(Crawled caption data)
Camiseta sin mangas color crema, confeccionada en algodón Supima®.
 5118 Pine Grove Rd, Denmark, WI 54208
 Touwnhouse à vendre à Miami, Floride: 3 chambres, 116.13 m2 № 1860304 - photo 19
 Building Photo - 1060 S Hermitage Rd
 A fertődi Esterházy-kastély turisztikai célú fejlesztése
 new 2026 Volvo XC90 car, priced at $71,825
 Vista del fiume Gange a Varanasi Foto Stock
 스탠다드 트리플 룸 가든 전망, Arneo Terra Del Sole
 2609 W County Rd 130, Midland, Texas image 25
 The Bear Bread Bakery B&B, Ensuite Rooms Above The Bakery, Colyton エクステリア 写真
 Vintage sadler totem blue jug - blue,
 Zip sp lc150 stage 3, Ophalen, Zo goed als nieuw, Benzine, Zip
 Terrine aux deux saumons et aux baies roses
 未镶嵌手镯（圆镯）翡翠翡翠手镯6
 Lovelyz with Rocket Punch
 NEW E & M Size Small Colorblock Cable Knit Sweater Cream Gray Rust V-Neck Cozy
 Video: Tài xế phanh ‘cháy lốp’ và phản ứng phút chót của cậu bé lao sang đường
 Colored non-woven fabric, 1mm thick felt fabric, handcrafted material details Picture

WORK ITEM
Please copy the lines above from the line with "The Bear Bread" up to and including the line with "NEW E & M Size", exactly as written and with nothing else.

ANSWER
 The Bear Bread Bakery B&B, Ensuite Rooms Above The Bakery, Colyton エクステリア 写真
 Vintage sadler totem blue jug - blue,
 Zip sp lc150 stage 3, Ophalen, Zo goed als nieuw, Benzine, Zip
 Terrine aux deux saumons et aux baies roses
 未镶嵌手镯（圆镯）翡翠翡翠手镯6
 Lovelyz with Rocket Punch
 NEW E & M Size Small Colorblock Cable Knit Sweater Cream Gray Rust V-Neck Cozy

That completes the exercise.